Now consider something more difficult, a pension plan. Let’s say that a husband and wife get married in 2005. The husband had been working at Company X since 2000, and continues to work there today. The couple decided to separate in 2010. How would you determine how much of the pension is marital property and how much is separate property?
In North Carolina there is a simple math equation, known as the coverture fraction, that helps determine how much of a pension, deferred compensation benefit or other employer based retirement plan is marital, and thus subject to division. Simply divide the length of time a spouse was simultaneously married and contributing to the pension plan by the total length of employment during which the pension was earned. In applying this formula to the example above our equation would look like:
5 (years pension contributions coincided with the marriage) / 10 (years husband contributed to pension prior to separation).

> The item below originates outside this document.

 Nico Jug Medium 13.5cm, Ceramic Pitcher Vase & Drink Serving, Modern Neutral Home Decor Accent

In this example, 50% percent of the husband’s pension plan is marital property. So 50% of the value of the pension would be subject to distribution, and the wife would be owed 25% of the value of the plan.
Defined benefit plans can be even more difficult to value. For these plans, the amount paid at retirement is typically based on the salary of the employee’s last years of work. So if a couple is separating and the spouse with the defined benefit plan is only 35, how can you place a value on what the plan is really worth? This is undoubtedly trickier. In these situations, the courts will apply a five-step process to determine the value of a defined benefit plan:
Determine the earliest date that the spouse can retire.

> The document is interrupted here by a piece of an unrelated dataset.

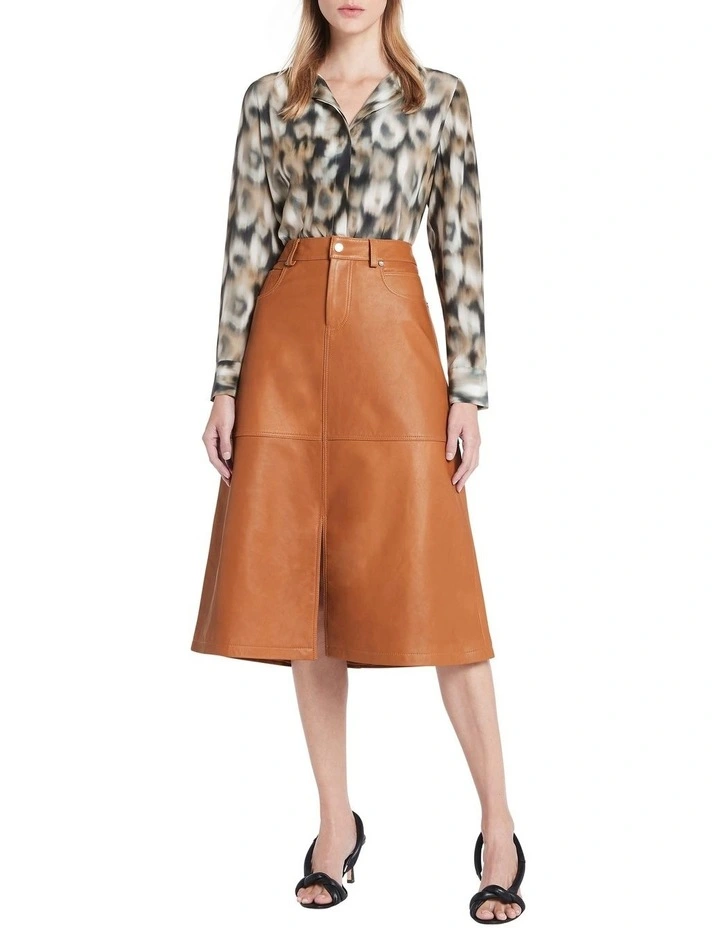Promo π David Lawrence Aura Leather Midi π Skirt Toffee β¨ - Image 2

Determine the life expectancy at the date of separation to determine how many months the employee-spouse will get the benefits.

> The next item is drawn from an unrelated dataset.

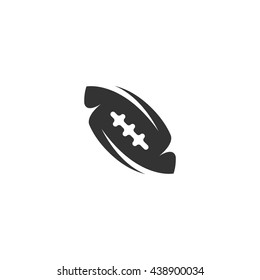 Rugby ball icon isolated on a white background. Logo silhouette design template. Simple symbol concept in flat style. Abstract sign, pictogram for web, mobile and infographics - stock vector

Determine the value of the pension at the earliest retirement date.
Discount the value to the date of separation (figure out the future value and discount that value to the date of separation).
Determine any contingencies that may occur and discount the value further.
As you can see, determining the value of a defined benefit plan can be complicated and is largely speculative. Depending on the plan, it may be appropriate to hire an expert to dig into the numbers and come up with a value to associate with a retirement plan.
Distributing a Retirement Plan
Once a value is assigned to a particular retirement plan, and it has been determined what portion of the plan is marital, then the spouses will have to consider the various options for actually dividing the plan.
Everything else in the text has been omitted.